Write the records out once more. Leave each line exactly as given.

_RECORD SET_
§

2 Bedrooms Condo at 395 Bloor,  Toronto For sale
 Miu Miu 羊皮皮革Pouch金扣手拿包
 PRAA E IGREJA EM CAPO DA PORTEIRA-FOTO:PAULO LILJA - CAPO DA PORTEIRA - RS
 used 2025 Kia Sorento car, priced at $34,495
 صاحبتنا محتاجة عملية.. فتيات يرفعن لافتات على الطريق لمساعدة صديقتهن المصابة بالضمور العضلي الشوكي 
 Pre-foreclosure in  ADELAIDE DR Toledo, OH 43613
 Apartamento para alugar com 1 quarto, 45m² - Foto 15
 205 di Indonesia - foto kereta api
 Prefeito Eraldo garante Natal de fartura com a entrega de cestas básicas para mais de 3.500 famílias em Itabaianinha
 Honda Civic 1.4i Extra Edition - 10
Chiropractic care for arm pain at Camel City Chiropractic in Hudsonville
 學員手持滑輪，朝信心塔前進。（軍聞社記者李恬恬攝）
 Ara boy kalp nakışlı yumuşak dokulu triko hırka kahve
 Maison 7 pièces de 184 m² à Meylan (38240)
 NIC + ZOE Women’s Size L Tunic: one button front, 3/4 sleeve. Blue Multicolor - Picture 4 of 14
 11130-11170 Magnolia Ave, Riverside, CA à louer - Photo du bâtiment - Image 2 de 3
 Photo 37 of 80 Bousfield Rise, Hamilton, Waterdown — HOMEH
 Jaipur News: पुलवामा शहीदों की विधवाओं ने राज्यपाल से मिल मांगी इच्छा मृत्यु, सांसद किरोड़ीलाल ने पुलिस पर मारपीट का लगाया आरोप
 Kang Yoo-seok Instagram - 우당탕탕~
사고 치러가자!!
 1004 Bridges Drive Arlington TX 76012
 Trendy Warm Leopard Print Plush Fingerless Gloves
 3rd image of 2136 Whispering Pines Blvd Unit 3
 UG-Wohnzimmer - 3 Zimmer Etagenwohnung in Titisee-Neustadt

§

_WRITTEN RESPONSE_
2 Bedrooms Condo at 395 Bloor,  Toronto For sale
 Miu Miu 羊皮皮革Pouch金扣手拿包
 PRAA E IGREJA EM CAPO DA PORTEIRA-FOTO:PAULO LILJA - CAPO DA PORTEIRA - RS
 used 2025 Kia Sorento car, priced at $34,495
 صاحبتنا محتاجة عملية.. فتيات يرفعن لافتات على الطريق لمساعدة صديقتهن المصابة بالضمور العضلي الشوكي 
 Pre-foreclosure in  ADELAIDE DR Toledo, OH 43613
 Apartamento para alugar com 1 quarto, 45m² - Foto 15
 205 di Indonesia - foto kereta api
 Prefeito Eraldo garante Natal de fartura com a entrega de cestas básicas para mais de 3.500 famílias em Itabaianinha
 Honda Civic 1.4i Extra Edition - 10
Chiropractic care for arm pain at Camel City Chiropractic in Hudsonville
 學員手持滑輪，朝信心塔前進。（軍聞社記者李恬恬攝）
 Ara boy kalp nakışlı yumuşak dokulu triko hırka kahve
 Maison 7 pièces de 184 m² à Meylan (38240)
 NIC + ZOE Women’s Size L Tunic: one button front, 3/4 sleeve. Blue Multicolor - Picture 4 of 14
 11130-11170 Magnolia Ave, Riverside, CA à louer - Photo du bâtiment - Image 2 de 3
 Photo 37 of 80 Bousfield Rise, Hamilton, Waterdown — HOMEH
 Jaipur News: पुलवामा शहीदों की विधवाओं ने राज्यपाल से मिल मांगी इच्छा मृत्यु, सांसद किरोड़ीलाल ने पुलिस पर मारपीट का लगाया आरोप
 Kang Yoo-seok Instagram - 우당탕탕~
사고 치러가자!!
 1004 Bridges Drive Arlington TX 76012
 Trendy Warm Leopard Print Plush Fingerless Gloves
 3rd image of 2136 Whispering Pines Blvd Unit 3
 UG-Wohnzimmer - 3 Zimmer Etagenwohnung in Titisee-Neustadt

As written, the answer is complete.